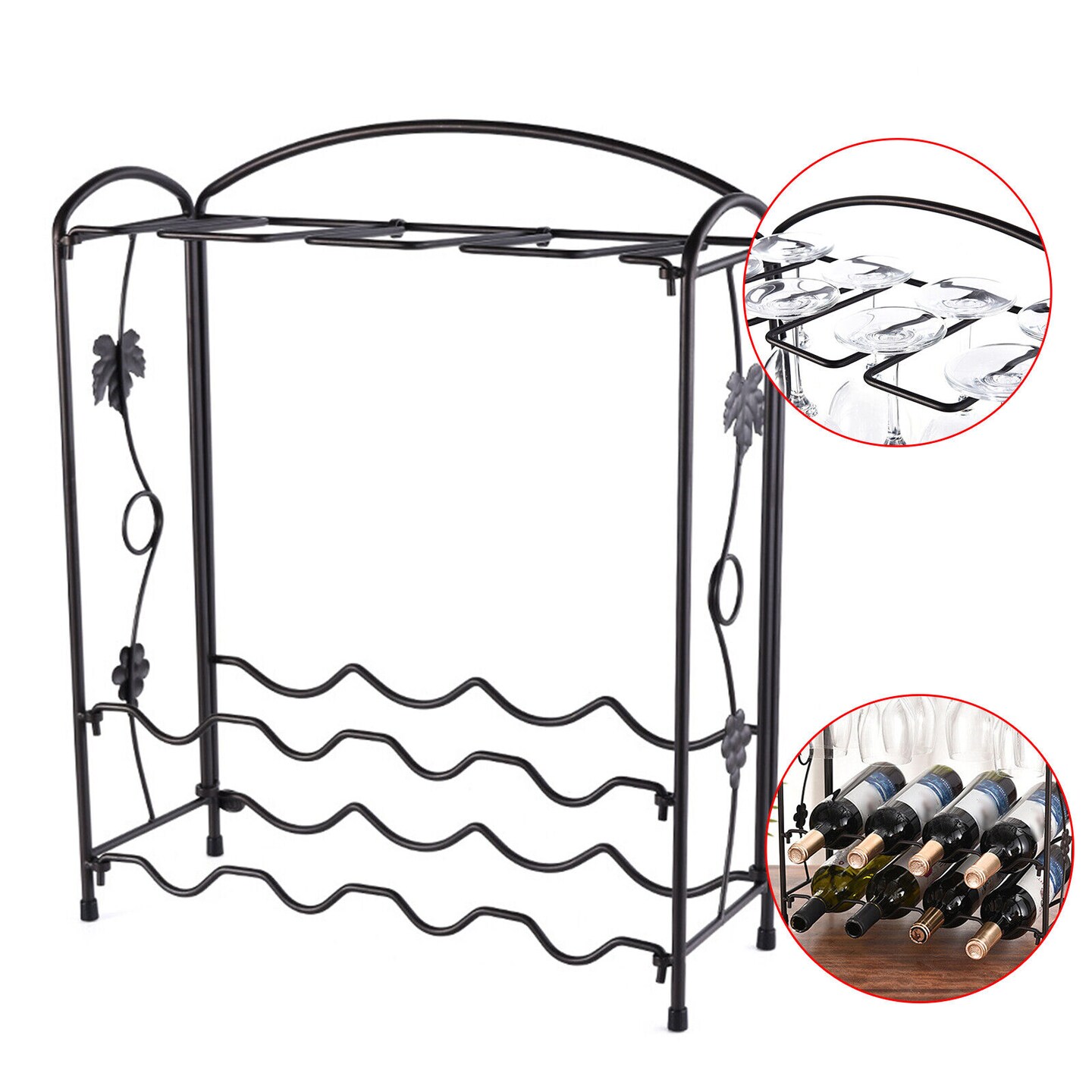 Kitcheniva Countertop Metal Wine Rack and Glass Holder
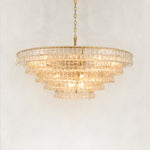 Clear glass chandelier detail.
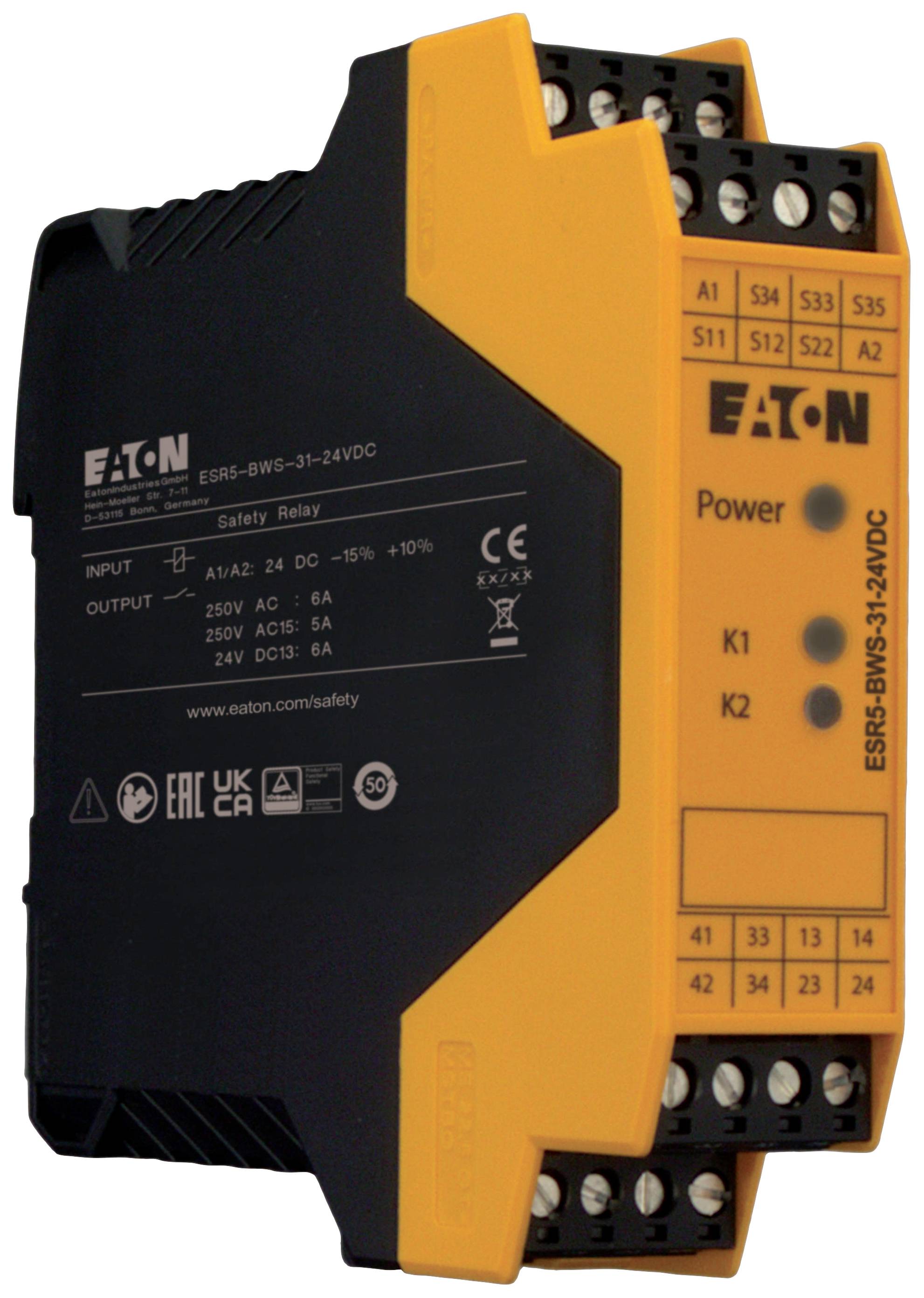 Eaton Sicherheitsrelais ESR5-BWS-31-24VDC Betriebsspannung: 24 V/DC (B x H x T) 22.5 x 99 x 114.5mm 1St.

◆ ◆ ◆

Repeat every line above exactly, minus the pictures.

 Kitcheniva Countertop Metal Wine Rack and Glass Holder
 Clear glass chandelier detail.
 Eaton Sicherheitsrelais ESR5-BWS-31-24VDC Betriebsspannung: 24 V/DC (B x H x T) 22.5 x 99 x 114.5mm 1St.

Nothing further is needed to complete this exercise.